Il canto delle Sirene e il canto di Neša. Semantica dell’unire e sfera verbale nel mondo indoeuropeo
AbstractSirens’ song and Neša’s song. The semantics of unite and verbal sphere in the Indoeuropean world.
This paper sets out to look at the Sirens and how they are considered in the Mycenaean world: as hybrids, they represent positive values but in the Ancient Greek world they are ambivalent. Sirens are actually liminal, deadly figures who are able to link together those dimensions which would otherwise be divided, separated by the hiatus of incomprehensions such as life-death, sanity-folly, horizontality-verticality.
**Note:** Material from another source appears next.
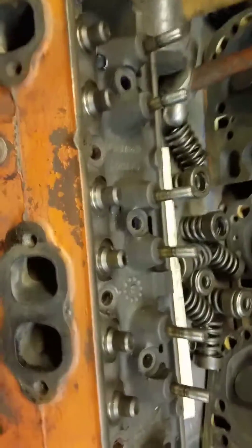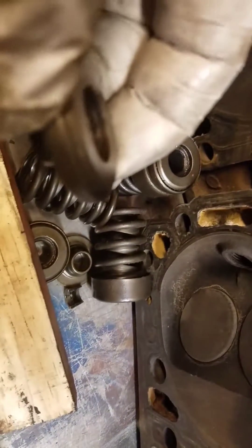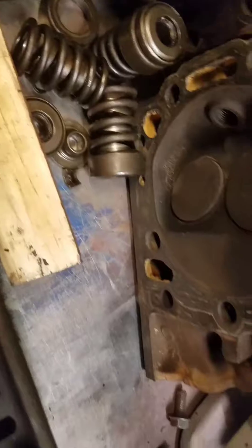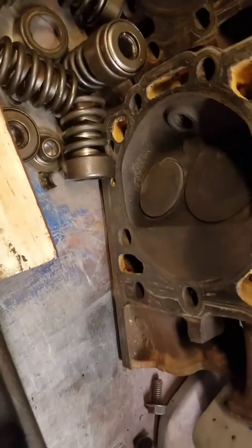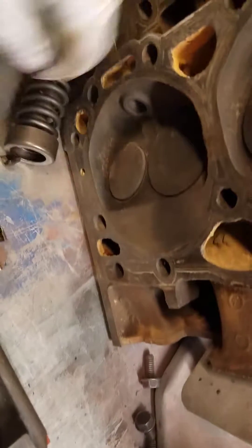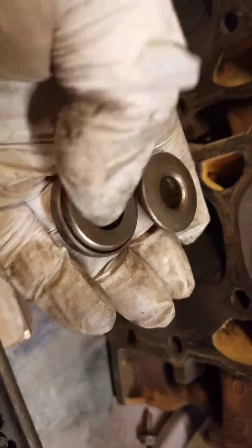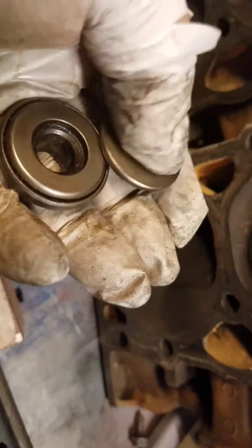Alright, this is the head taken apart. There's the valves, springs — the exhaust has a rotator, all the intakes have a retainer. Exhaust has that one, intake has that one.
Considering these dynameis to be syncretic, amongst the various other etymological hypotheses we favour the etymological option which is the one that formulates the Sirens’ dependency on the basis of *seh2-/sh2- , ‘to link, unite’. We then consider the Hittite song of Neša in which an intersection of the semantics of unite with the verbal sphere can be found. Thus we look at the meanings of οἴμη, οἶμος and isḫamai, which are lexemes that may potentially be traced back to the root *seh2-/sh2-. Finally, we look to the Vedic to comprehend an analogous presence in the Indian world of the semantics of unite.In the light of the evidence from Greek, Hittite and Vedic, we propose that the association of the semantics of unite in relation to the verbal sphere in a more global sense, is of Indoeuropean origin.